Posted in the following categories: Life Lessons, Personal Development

I stepped up to the podium, as I had done for 7 years, to teach Constitutional Law.

I took a deep breath to start speaking—and felt a sinking sensation in my chest.

The sensation took my breath away.

“Not again,” it seemed to say. “Not this same class again.”

Initially, I tried to suppress the sensation. After all, I had just secured tenure, a huge milestone in any academic’s journey. And there’s one thing tenured professors don’t do: stop teaching. My 5-year plan was laid out, my path seemingly clear. I was living every professor’s dream, yet within me, a voice was telling me that something was off.

On the outside, I was a rising star in my field, an academic whose serious work was admired by serious scholars.

On the inside, I was withering away. I once loved teaching—especially the thrill of igniting curiosity in my students—but that joy was fading.

And that sensation in my chest kept presenting itself.

It was a bodily messenger that seemed to say, I will not be ignored! 

The exhaustion you feel when you wake up? That’s me. 

That tightness you began to feel in your right shoulder? That’s me.

I will keep getting louder and louder and louder—until you pay attention. And if you don’t pay attention, I will turn your life upside down. 

Over time, resisting those signals became far more painful than leaning in.

So, I began a journey of introspection. Mornings spent journaling, nights reflecting before sleep, I continuously asked, “What are you trying to tell me?”

The answers didn’t arrive with a thunderous bang. Instead, they came as subtle whispers that nudged me towards a realization: The life I had carefully built was no longer where I belonged. Each class, each lecture, felt like an echo from a past that no longer resonated with who I was becoming. It was time to let go, to allow that old self to dissolve and make way for a new self to emerge.
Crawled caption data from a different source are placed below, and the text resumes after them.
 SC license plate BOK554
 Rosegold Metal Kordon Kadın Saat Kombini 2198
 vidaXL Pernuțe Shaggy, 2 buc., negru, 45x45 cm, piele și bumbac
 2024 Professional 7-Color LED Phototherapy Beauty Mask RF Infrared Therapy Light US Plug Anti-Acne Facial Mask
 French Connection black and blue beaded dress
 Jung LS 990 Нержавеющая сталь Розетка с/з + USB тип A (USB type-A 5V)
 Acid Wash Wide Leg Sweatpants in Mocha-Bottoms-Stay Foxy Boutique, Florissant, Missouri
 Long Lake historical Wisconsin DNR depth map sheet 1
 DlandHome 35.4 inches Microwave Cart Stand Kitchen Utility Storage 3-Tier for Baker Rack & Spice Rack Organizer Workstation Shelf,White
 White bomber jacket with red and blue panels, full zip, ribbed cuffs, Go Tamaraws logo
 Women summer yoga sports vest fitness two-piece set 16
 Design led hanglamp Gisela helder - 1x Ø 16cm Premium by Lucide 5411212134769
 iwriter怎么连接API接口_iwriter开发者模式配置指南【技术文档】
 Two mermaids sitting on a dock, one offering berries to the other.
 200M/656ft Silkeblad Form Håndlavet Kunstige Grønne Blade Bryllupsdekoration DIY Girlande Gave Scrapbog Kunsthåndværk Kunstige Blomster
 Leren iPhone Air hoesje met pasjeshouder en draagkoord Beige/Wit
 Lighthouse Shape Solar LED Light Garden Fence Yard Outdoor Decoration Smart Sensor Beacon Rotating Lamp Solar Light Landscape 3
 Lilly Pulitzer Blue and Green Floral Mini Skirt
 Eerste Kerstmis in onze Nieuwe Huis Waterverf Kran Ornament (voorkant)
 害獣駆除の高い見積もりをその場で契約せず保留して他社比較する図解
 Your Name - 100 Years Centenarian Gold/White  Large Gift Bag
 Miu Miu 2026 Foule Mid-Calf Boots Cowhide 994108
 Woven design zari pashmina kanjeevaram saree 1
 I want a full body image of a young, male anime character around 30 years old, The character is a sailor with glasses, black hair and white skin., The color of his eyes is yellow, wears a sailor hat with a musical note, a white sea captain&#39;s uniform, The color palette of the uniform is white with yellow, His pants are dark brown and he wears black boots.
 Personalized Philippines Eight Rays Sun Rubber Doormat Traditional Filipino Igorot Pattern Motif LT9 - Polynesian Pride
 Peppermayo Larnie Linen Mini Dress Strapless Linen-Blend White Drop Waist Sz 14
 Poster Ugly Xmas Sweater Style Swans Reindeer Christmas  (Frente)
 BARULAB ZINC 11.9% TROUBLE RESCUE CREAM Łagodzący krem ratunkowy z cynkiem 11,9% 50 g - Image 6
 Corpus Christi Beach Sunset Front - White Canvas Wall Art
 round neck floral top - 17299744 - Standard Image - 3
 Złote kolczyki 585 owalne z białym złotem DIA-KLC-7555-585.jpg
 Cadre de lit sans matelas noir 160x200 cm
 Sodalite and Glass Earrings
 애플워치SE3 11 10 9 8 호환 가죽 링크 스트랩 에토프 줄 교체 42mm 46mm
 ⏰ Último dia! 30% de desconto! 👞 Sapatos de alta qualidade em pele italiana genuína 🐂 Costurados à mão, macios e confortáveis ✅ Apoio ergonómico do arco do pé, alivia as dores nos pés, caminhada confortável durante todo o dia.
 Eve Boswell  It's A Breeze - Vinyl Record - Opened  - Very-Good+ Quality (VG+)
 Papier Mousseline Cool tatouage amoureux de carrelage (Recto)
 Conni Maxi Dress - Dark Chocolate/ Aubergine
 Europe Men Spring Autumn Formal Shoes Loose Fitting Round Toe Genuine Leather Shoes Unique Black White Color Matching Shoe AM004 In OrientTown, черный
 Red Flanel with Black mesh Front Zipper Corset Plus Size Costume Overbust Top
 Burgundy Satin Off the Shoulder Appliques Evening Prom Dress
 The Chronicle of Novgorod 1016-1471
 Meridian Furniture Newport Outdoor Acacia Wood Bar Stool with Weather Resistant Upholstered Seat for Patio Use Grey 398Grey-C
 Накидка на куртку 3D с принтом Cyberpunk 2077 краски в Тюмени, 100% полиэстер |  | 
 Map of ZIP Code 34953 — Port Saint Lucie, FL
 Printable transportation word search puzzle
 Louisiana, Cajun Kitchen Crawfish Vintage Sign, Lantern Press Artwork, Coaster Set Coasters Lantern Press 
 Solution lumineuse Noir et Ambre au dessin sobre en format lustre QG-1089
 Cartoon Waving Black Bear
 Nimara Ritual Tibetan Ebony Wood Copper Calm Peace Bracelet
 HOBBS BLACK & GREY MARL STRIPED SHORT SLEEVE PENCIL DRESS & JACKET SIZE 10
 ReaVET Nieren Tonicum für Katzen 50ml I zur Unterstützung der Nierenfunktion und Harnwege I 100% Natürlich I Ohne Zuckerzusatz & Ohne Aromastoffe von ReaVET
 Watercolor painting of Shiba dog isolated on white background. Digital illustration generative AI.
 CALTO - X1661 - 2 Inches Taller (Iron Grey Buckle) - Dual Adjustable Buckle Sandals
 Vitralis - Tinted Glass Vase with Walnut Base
This was hard—really hard.

It felt like a part of me was dying—because it was. I mourned the death of the professor in me, as my emerging new self tried to find a path forward.

As I let go of what once was, I felt empty. But I trusted that I would become full again—with what, I didn’t yet know.

In this emptiness, I explored various paths. I stumbled upon one that felt promising—a blog—which served as a creative outlet that brought me alive. The blog grew in popularity over time and culminated in the publication of Think Like a Rocket Scientist, marking the start of my new career as an author and speaker.

When you feel discomfort, that doesn’t mean something is wrong with you.

It means something is right with you.

It means your body is working as it should—alerting you that the cocoon you’ve built around yourself is ready to be broken so you can emerge in your new form.

Don’t suppress. Don’t numb. Don’t dissociate.

Because discomfort isn’t an enemy. It’s a guide. It’s a signal from the wisest parts of your being, urging you to explore, to grow, to transform.

Listen to that signal. It echoes the paths to futures you haven’t even imagined.